We must have polished off at least two bottles of wine and too many bottles of cider to count between us. That cider was potent, some obscure local variety I think. By the end of the night Jake was a mess and I was even messier. Annie, however, looked as fresh as a daisy.

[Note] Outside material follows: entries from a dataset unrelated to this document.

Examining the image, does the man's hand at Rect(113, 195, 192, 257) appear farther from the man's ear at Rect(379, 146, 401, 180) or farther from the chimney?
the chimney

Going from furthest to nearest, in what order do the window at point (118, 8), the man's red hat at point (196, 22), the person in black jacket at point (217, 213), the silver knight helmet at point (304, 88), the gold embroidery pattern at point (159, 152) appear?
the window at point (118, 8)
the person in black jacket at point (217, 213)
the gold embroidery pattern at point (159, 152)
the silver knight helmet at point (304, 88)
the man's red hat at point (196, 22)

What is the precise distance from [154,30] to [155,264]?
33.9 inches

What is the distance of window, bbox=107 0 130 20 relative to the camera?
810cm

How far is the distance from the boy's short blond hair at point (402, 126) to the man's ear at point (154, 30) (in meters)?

Did I put my foot in it? Yes probably about a hundred times. I felt like John Cleese in Fawlty Towers when the Germans came; ‘Whatever you do, don’t mention the war.’ I just couldn’t stop mentioning her husband, death or funerals. Luckily Annie saw the funny side.

 

I WAS NOT A MESS, AT LEAST I DIDN’T THROW UP IN MY SHOE THIS MORNING. GREAT NIGHT ANNIE, THANKS FOR THE AMAZING CIDER, WE NEED TO GET HOLD OF A FEW BOTTLES BEFORE WE LEAVE.

JAKE

 

Just popped in to change the light bulb in the bathroom. I’m definitely getting a change of wardrobe after that lacklustre description ;-). I don’t go to church apart from weddings, christenings and funerals. Oh no, I mentioned the funeral word!!! I can assure you I wasn’t feeling as fresh as a daisy this morning, my tongue felt drier than Ghandi’s flip-flop. I’ll get you some of the cider to take back with you.

 

 

Friday:

After recovering from our excessive hangover yesterday we spent the day in the garden reading. Jake wears his big glasses when he reads, he thinks it makes him look clever, but he looks more like a nerd. A loveable nerd though. He was reading some big tome on codes used in WW2. Geek! Another day on the beach today. Wells-next-the-Sea really is the loveliest place in the world, the beaches are spectacular.

 

GEEK? NERD? HOW DARE YOU. BESIDES I DON’T THINK I LOOK CLEVER I KNOW I AM CLEVER. NEVER MIND THE FACT THAT I FELL ASLEEP FOUR TIMES READING THE CODE BOOK. IT WAS THE HANGOVER THAT WAS HAVING AN ADVERSE EFFECT ON ME. ANYWAY, WHAT WERE YOU READING, THE THIRD BOOK IN THE FIFTY SHADES OF GREY TRILOGY WASN’T IT? PERVERT.

 

I’ll have you know the Fifty Shades Trilogy has a very good storyline. And yes you are a complete geek and a nerd but I still love you.

 

 

Saturday:

Annie we have had the best time. We are going to come again soon. We don’t live that far away so we’re going to drive down when you have some free weekends.

 

YES, I CAME HERE FOR A QUIET WEEK AWAY AFTER ALL THE STRESS OF THE WEDDING, BUT WE’RE DEFINITELY GOING TO BE COMING BACK ON A REGULAR BASIS. WILLOW COTTAGE IS BEAUTIFUL. THANKS SO MUCH FOR MAKING US SO WELCOME.

**********

 

8
th
- 14
th
March

Oliver
Butterworth
.
Black

 

Saturday:

I’m here to kill someone and I’m not leaving until I’ve done it.